# Data for analysis
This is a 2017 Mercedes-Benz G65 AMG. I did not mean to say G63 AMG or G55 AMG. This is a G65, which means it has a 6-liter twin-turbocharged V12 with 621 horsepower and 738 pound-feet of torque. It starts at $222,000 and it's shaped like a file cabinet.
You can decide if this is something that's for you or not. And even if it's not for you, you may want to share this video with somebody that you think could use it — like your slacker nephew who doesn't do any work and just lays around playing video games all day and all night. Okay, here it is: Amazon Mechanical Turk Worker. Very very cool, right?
...
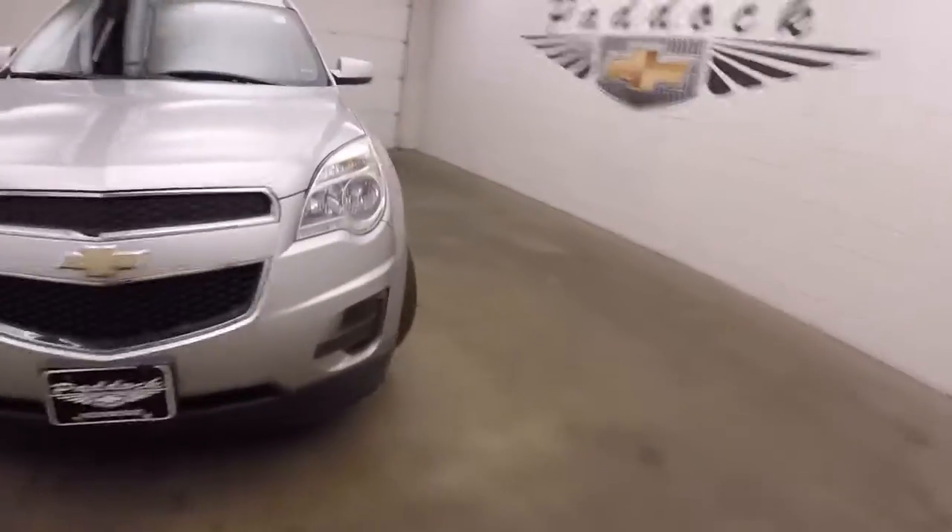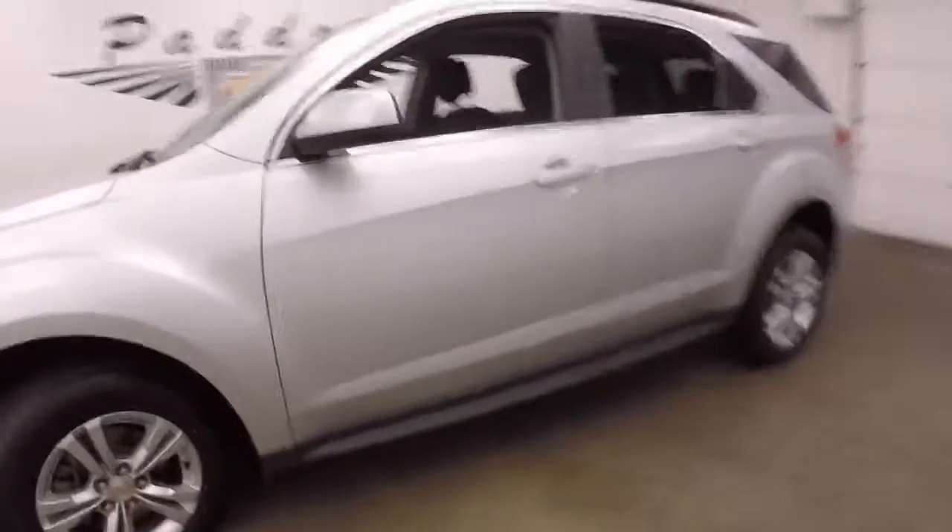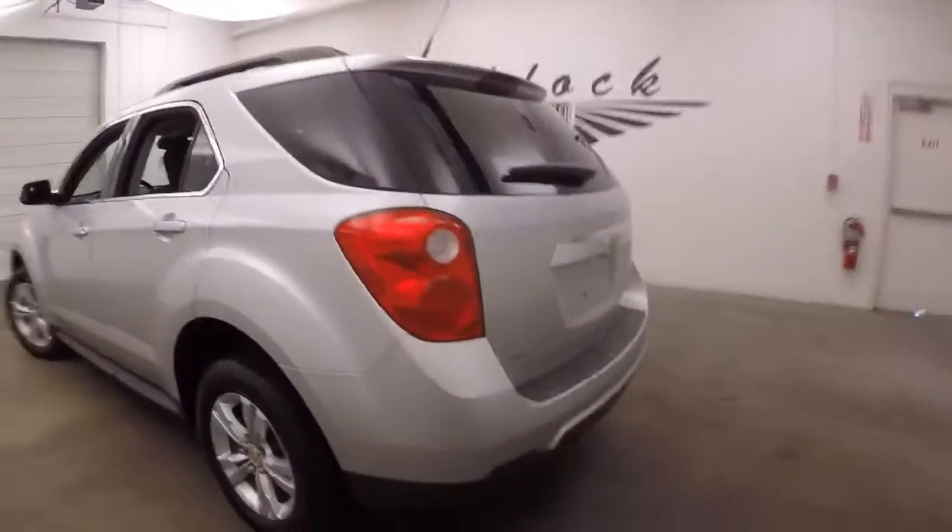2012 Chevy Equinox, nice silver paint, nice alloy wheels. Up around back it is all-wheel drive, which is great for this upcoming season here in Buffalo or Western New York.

# Task brief
Each line in the entries above, starting at the line with "This is a 2017" and ending at the line with "You can decide", is to be printed exactly, and only those lines.

# Written solution
This is a 2017 Mercedes-Benz G65 AMG. I did not mean to say G63 AMG or G55 AMG. This is a G65, which means it has a 6-liter twin-turbocharged V12 with 621 horsepower and 738 pound-feet of torque. It starts at $222,000 and it's shaped like a file cabinet.
You can decide if this is something that's for you or not. And even if it's not for you, you may want to share this video with somebody that you think could use it — like your slacker nephew who doesn't do any work and just lays around playing video games all day and all night. Okay, here it is: Amazon Mechanical Turk Worker. Very very cool, right?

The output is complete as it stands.